> DIRECTIONS FOR THIS TASK
Every entry gets copied exactly. No images go into the copy.

> RECORDS TO USE
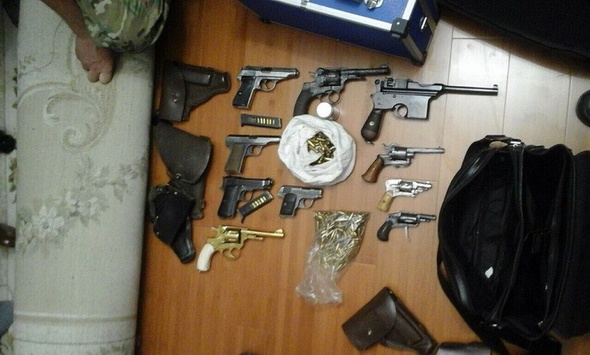 На Луганщині СБУ знайшла схованку зі зброєю у чиновника з команди Януковича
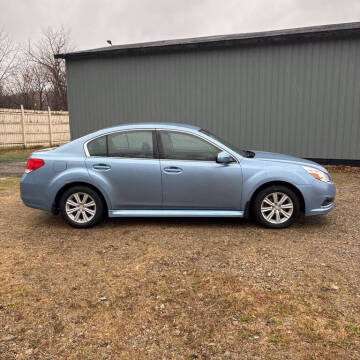 2010 Subaru Legacy 2.5i Premium
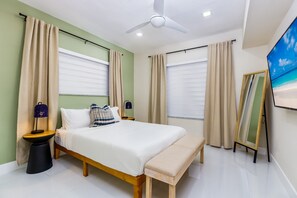 3 habitaciones, tabla de planchar con plancha y cuna de viaje 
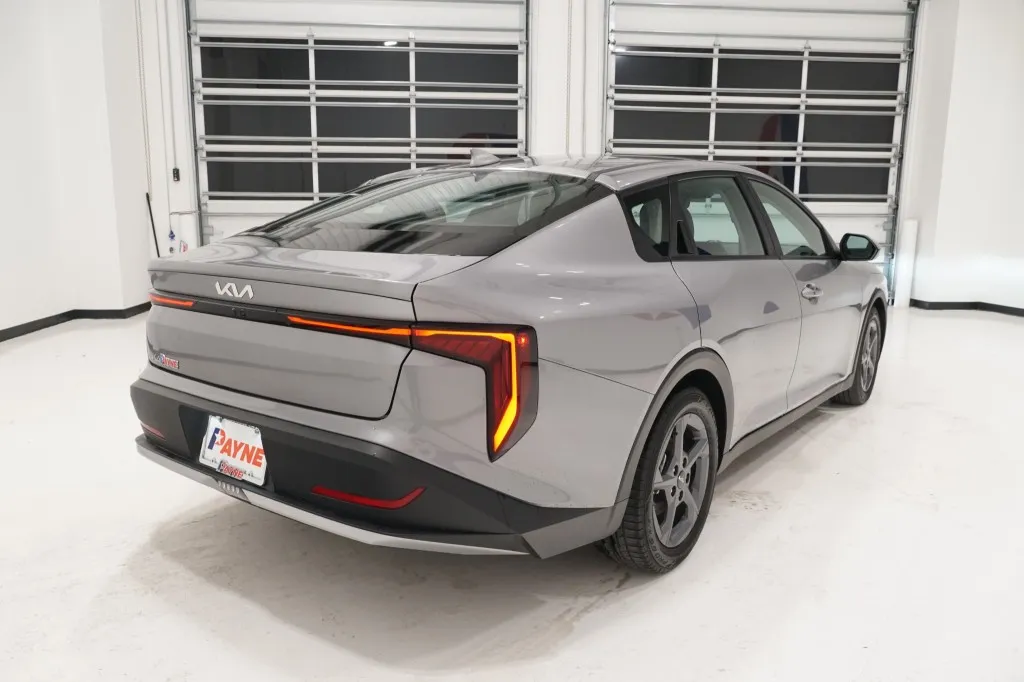 2025 KIA K4 LXS
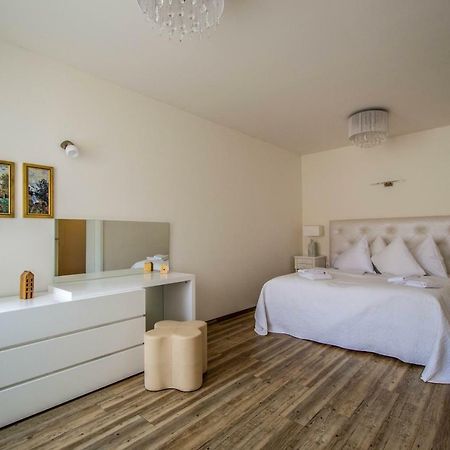 Unique Charles Bridge 2Bdr Apartment. Prague Luaran gambar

> RESULT FOR THIS EXERCISE
 На Луганщині СБУ знайшла схованку зі зброєю у чиновника з команди Януковича
 2010 Subaru Legacy 2.5i Premium
 3 habitaciones, tabla de planchar con plancha y cuna de viaje 
 2025 KIA K4 LXS
 Unique Charles Bridge 2Bdr Apartment. Prague Luaran gambar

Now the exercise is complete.